May 11, 2015 | By Alec

That the Raspberry Pi is a perfect addition to any maker’s arsenal hardly needs repeating here. We’ve already seen so many awesome 3D printed projects that rely on a Raspberry Pi to give that robot or cosplay accessory that wow-factor. But blogger and product anaylist Raymond Wong, from Mashable’s, explores a whole other field of cool Raspberry Pi applications: spy gear. By mounting a Raspbery Pi controlled camera onto a 3D printed bow tie, Raymond is almost ready to infiltrate the enemy’s headquarters. Almost.

As he explains, this project grew out of an age-old love for DIY projects and the revolutionary potential of the Raspberry Pi: ‘A simple Google search brings up thousands of cool Pi projects and hacks; people love the little $35 computer. To date, more than 5 million units have been sold since the Pi debuted three years ago. A handful of different models exist now, but the spirit remains the same: Go out and hack it into something awesome,’ he says. And he is absolutely right, of course. Awesome DIY electronics are just a Google search away nowadays. And since the release of the Raspberyy 2 (with its 900MHz quad-core processor, 1GB RAM and four USB 2.0 ports) we are running out of excuses not to build something.

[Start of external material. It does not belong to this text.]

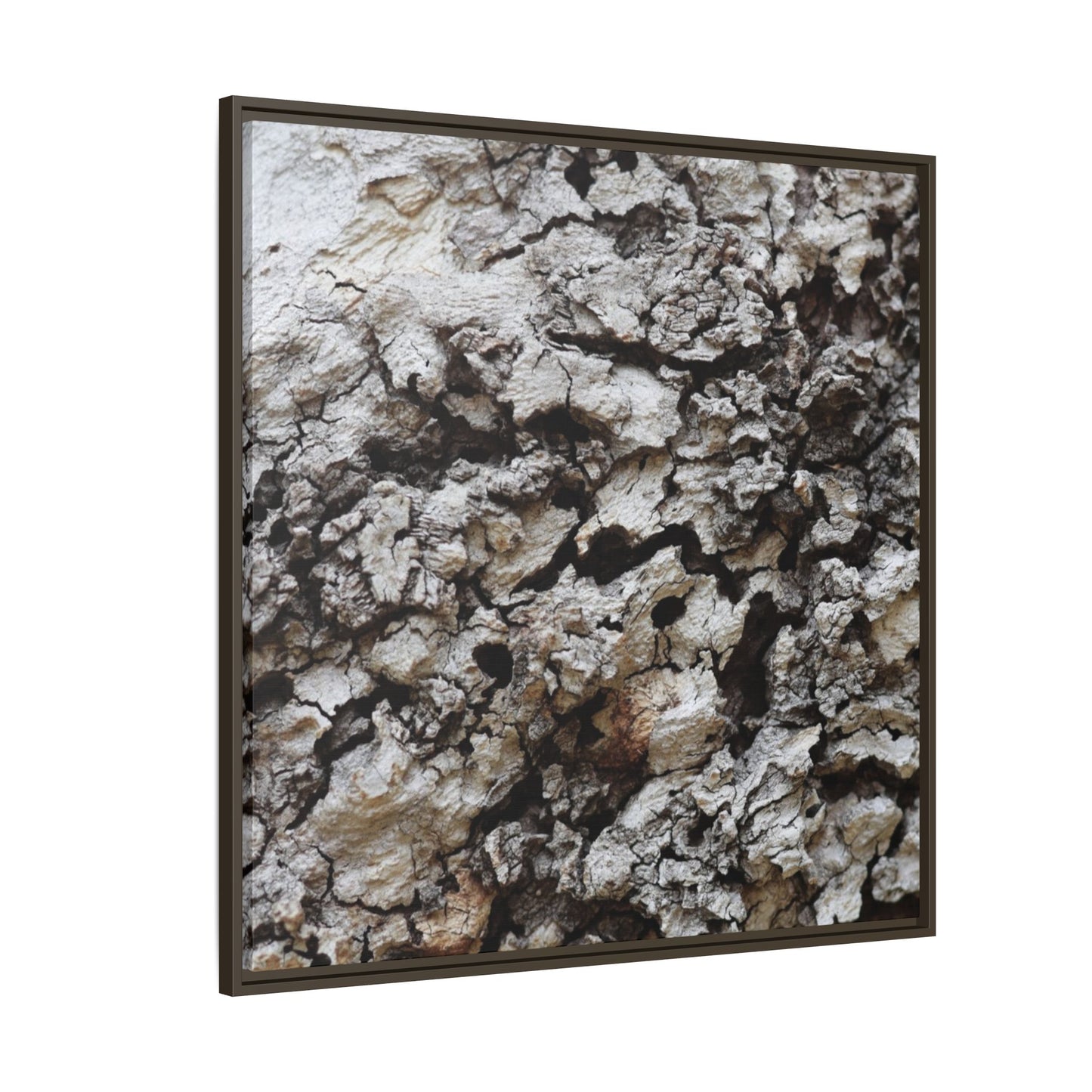 Cracked Terrain - Unique Stretched Canvas Wall Art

Being a dedicated tinkerer himself, Raymond just had to test the Pi 2 for himself. After all, it’s almost a fully functioning PC once you load an operating system onto a memory card. ‘It's underpowered and you can't really juggle more than a few tabs in a web browser — but it all works, as long as you're willing to wait a few seconds longer for things to load,’ Raymond writes. ‘[So] I set out to do something fun with the Pi 2.’

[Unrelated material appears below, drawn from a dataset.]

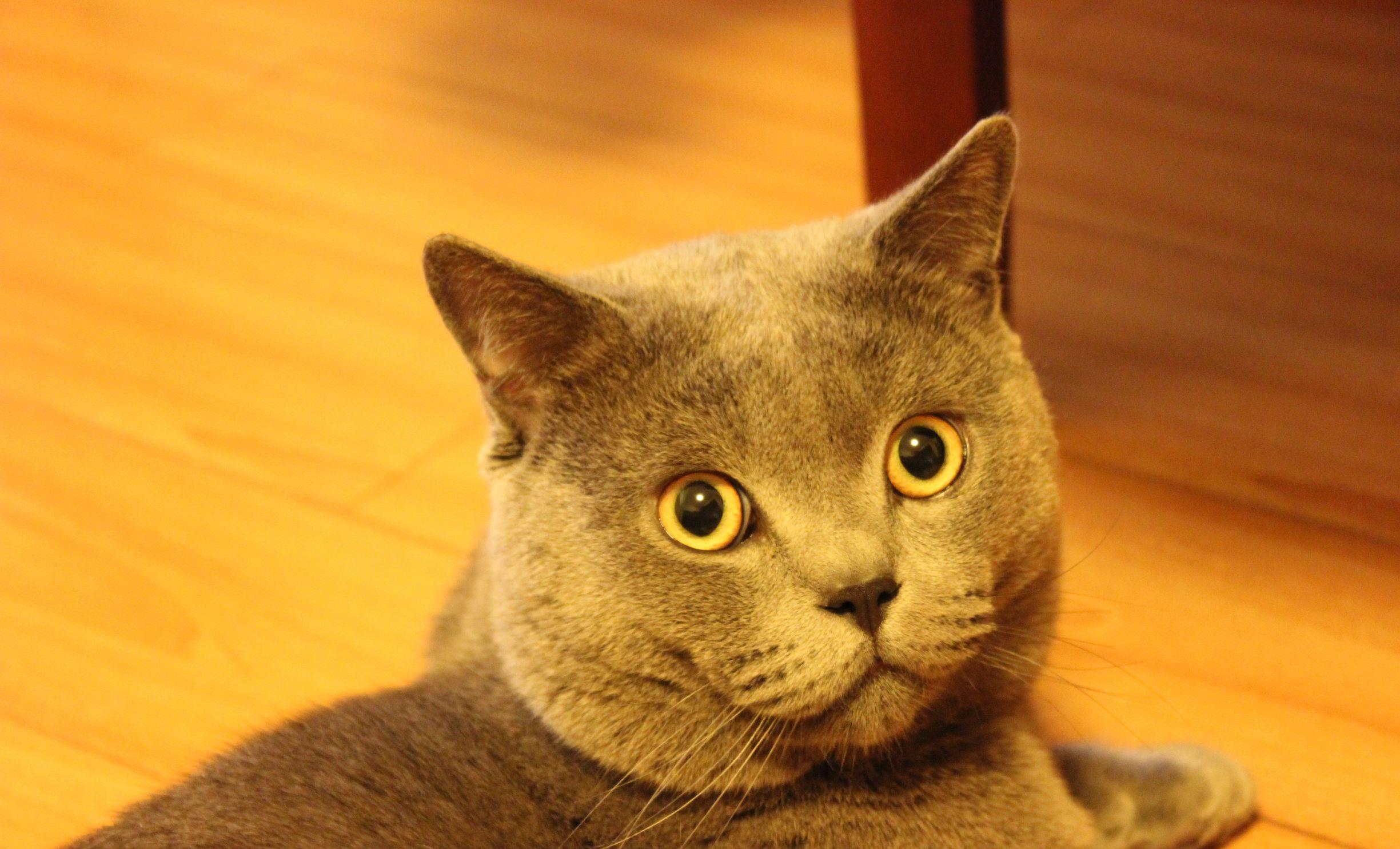 新手怎么选猫咪 7a6f24cae20147d5b56a1f3b7fab88d8.jpeg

Images: Luke Leonard/Mashable

After spending some time looking for a project, he finally settled on a 3D printed spy camera bow tie. ‘It's techie, geeky and a conversation starter. Win, win, win,’ he says. And it’s also remarkably easy to build, and largely revolves around installing everything on the Pi 2. Of course, you’ll need quite a lot of electronics to complete the build: a portable battery pack, microSD card with SD card adapter, Wi-Fi adapter, Ethernet cable, Micro USB cable and Raspberry Pi camera module. Now installing everything can be a bit tricky if you’ve never worked with a Pi before, so follow of the steps in the video below to ensure you get it right.

But after that, the sky is the limit. You can indeed complete your geeky outfit with this funny tie, though you can also mount this small camera on just about any 3D printed creation you have laying around. Spying on others was never easier.